Schematically, the KubeRocketCI components and their APIs can be represented in the following diagram:

The topic of the CI/CD pipeline, recommended by the KubeRocketCI, was touched on above, which can be represented as follows:

Where

• SIT - System Integration testing - the stage at which it is recommended to run automated tests.
• QA - Quality Assurance - a stage where the verification of the new functionality of applications under development is performed.
• UAT - User Acceptance Testing - a stage for demonstrating the application to the end users and giving them an opportunity to work with the new functionality by themselves.

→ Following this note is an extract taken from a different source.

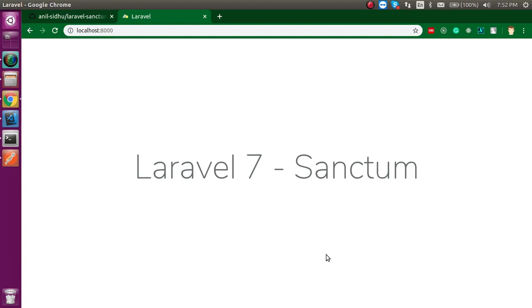Hi everyone, welcome back to my channel. My name is Anil and in this Laravel 7 video tutorial, we will learn about Sanctum.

For each stage there is deployment of all applications to the dedicated environment. After a successful deployment, the automated tests configured for this stage are launched and the quality gates are controlled. Schematically, the pipeline can be represented as the following high-level steps:

The EDP Cockpit deserves special attention, which is a web interface for the Runtime API EDP. The Cockpit allows you to add new applications, configure the sequence of steps for the CD pipeline, determine which automated tests to run at which step, etc.

Let's summarize what an KubeRocketCI user gets after installing in an OpenShift cluster:

An integrated set of CI/CD tools with configured SSO, centralized authentication, and authorization. This facilitates end-user access to platform resources and allows flexible control over the level of that access.

• KubeRocketCI source code with the ability to customize it to the needs of projects.

• Quickly add application source code and projects with automated tests via Cockpit.

• Customize the CD pipeline, manage the set of automated tests run at each stage, and assign quality gates to ensure quality control.

• Tools for centralized logging and monitoring.

Furthermore, multiple KubeRocketCI instances can be installed in a single OpenShift cluster, allowing you to develop multiple projects on the same infrastructure.

What's Now and What's Next

KubeRocketCI is no longer just an internal EPAM initiative. It is now a platform on which several projects have been implemented and new ones are starting. One of them involves a team size of up to 100 people with different expertise, which increases the level of complexity and responsibility of setting up the platform. AWS and Azure are the Cloud Provider for these projects, and therefore EDP teams gain important experience in managing OpenShift clusters in the public cloud according to the latest Red Hat guidelines.

Naturally, the KubeRocketCI team has no plans to stop there. Our next steps:

• Adding new tools that implement the KubeRocketCI component APIs.

• More fine-tuning of the tools at the stage of adding them.

• Expanding the list of supported technologies for development and frameworks.

• Tighter integration with managed services of public clouds.

• Development of infrastructure and OpenShift cluster configuration to comply with the strictest security standards.

• Integration of servers for storing and analyzing the results of performance and security testing and much more.

An important point of KubeRocketCI development is the introduction of this platform for projects, which are being developed as part of EPAM RD (Resource Development). This allows young professionals to immediately get used to the highest standards of code development on modern projects.